▶ **What you will do**
Before you return the lines below, strip out any images and keep every word as written.

▶ **Collected data**
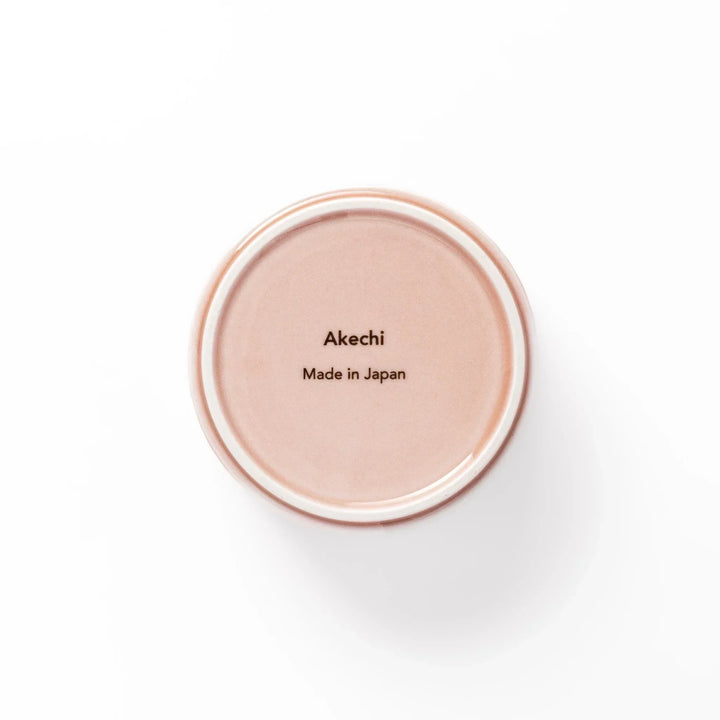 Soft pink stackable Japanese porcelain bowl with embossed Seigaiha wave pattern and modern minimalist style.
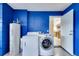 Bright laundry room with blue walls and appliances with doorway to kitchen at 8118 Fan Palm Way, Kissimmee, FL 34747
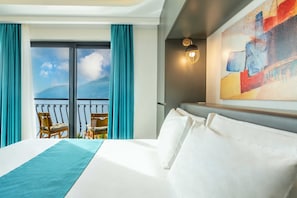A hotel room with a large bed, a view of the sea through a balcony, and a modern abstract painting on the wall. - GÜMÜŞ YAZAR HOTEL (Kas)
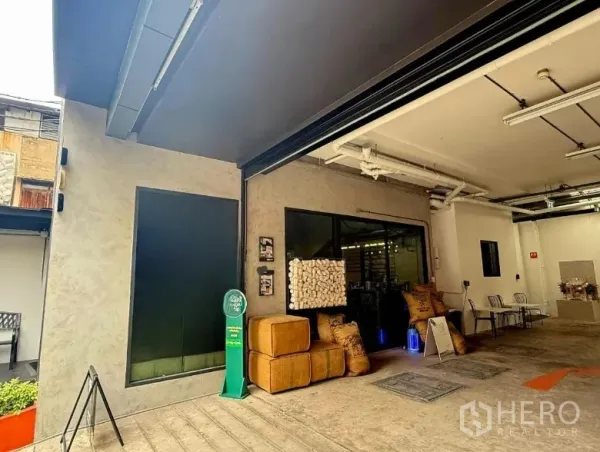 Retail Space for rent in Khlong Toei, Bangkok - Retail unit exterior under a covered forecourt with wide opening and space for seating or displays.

▶ **Finished exercise**
 Soft pink stackable Japanese porcelain bowl with embossed Seigaiha wave pattern and modern minimalist style.
 Bright laundry room with blue walls and appliances with doorway to kitchen at 8118 Fan Palm Way, Kissimmee, FL 34747
A hotel room with a large bed, a view of the sea through a balcony, and a modern abstract painting on the wall. - GÜMÜŞ YAZAR HOTEL (Kas)
 Retail Space for rent in Khlong Toei, Bangkok - Retail unit exterior under a covered forecourt with wide opening and space for seating or displays.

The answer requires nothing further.